I always went to GAA matches with my Dad.
Walsh Cup, Allianz League, Leinster Championship, club matches, my own matches… my most vivid memories are sitting in the car with my Dad, wishing someone would invent the Arklow bypass.
They are still working on the cure for New Ross traffic.
The one time I can remember during my childhood when I did not attend a match with my Dad was the 1996 All-Ireland hurling final, because tickets were like hen’s teeth and I was blessed to get one for Hill 16, where I stood with my brother and a banner so awfully puntastic I am relieved I cannot remember the exact wording.
Gary Laffan’s name definitely played a pivotal role in the pun.
My Dad travelled with his own brother and sat in the lower tier of the Hogan Stand to watch Wexford beat Limerick before we stormed on to the pitch in a sea of Purple and Gold.
No such worries for any fathers and sons of Kilkenny or Tipperary this year – not with terrace tickets still available for general sale on the GAA website up until Wednesday afternoon.
A LIMITED amount of All-Ireland Hurling Final terrace tickets are on sale NOW here» https://t.co/v3A3qIoDfq #KKvTIPP pic.twitter.com/iJTkZW9oYg
— The GAA (@officialgaa) August 31, 2016
It does appear, as of Thursday morning, to be entirely sold out, even if the website still leads you to the portal page with the promise of tickets for sale.
But they are all gone, it would seem. Thankfully.
Seriously? What would it say about the game of hurling if the All-Ireland final could not sell out Croke Park. Fair enough it is the fifth decider featuring Kilkenny and Tipperary since 2009, but it is not as if the last four have been duds – most of them have been stone cold classics.

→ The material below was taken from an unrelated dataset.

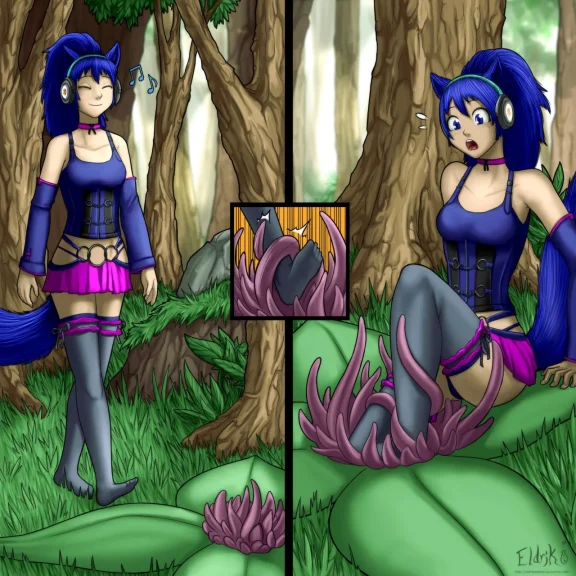 Satsuiki’s Forest Walk Satsuiki's Forest Walk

Both sides emerged from excellent semi-finals also – the Waterford-Kilkenny two-parter proving particularly entertaining.
Is hurling in such a bad way that the biggest game of the year featuring two of the game’s big three and the most dominant two teams of the last decade is not an instant sellout?

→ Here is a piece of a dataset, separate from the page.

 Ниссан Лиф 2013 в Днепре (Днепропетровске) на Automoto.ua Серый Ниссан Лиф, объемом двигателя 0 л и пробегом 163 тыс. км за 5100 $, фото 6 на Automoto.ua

When fewer than 35,000 showed up at Croke Park for the drawn semi-final between Waterford and Kilkenny I wrote a piece asking if Kilkenny’s dominance was the problem.
I was slammed from all sides. People blaming the recession, the cost of a trip to Dublin, the respective populations of the two counties and some non-existent Kilkenny bias for my nonsense reasoning.
I included a graph and everything. Which I have not updated to reflect only 30, 358 showed up in Thurles for the replay. So the distance to travel cannot be blamed on that front.
According to the preliminary census results there are just under 100,000 people in Kilkenny and over 110,000 in Waterford – placing them in the lower half of populations, but far ahead of much of Connacht, the border counties and the Midlands.
Tipperary is home to just under 160,000 people – or twice the capacity of Croke Park.
Chuck in the tickets that go to the Limerick minors, sponsors and every county board in Ireland, it is hard to see how tickets for the biggest day in the hurling calendar were still available just days ahead of the match.
Contrast the slow take-up to the football final. Granted Dublin is Ireland’s metropolis, but already you have Mayo fans mobilising and desperate fans sending you desperate WhatsApp messages.
As soon as Tipperary beat Galway I had a text from a friend asking me to keep an eye out for a final ticket. Her aunt from Boston was coming home specially.
She got sorted quick enough. Someone should have told her there was no real rush.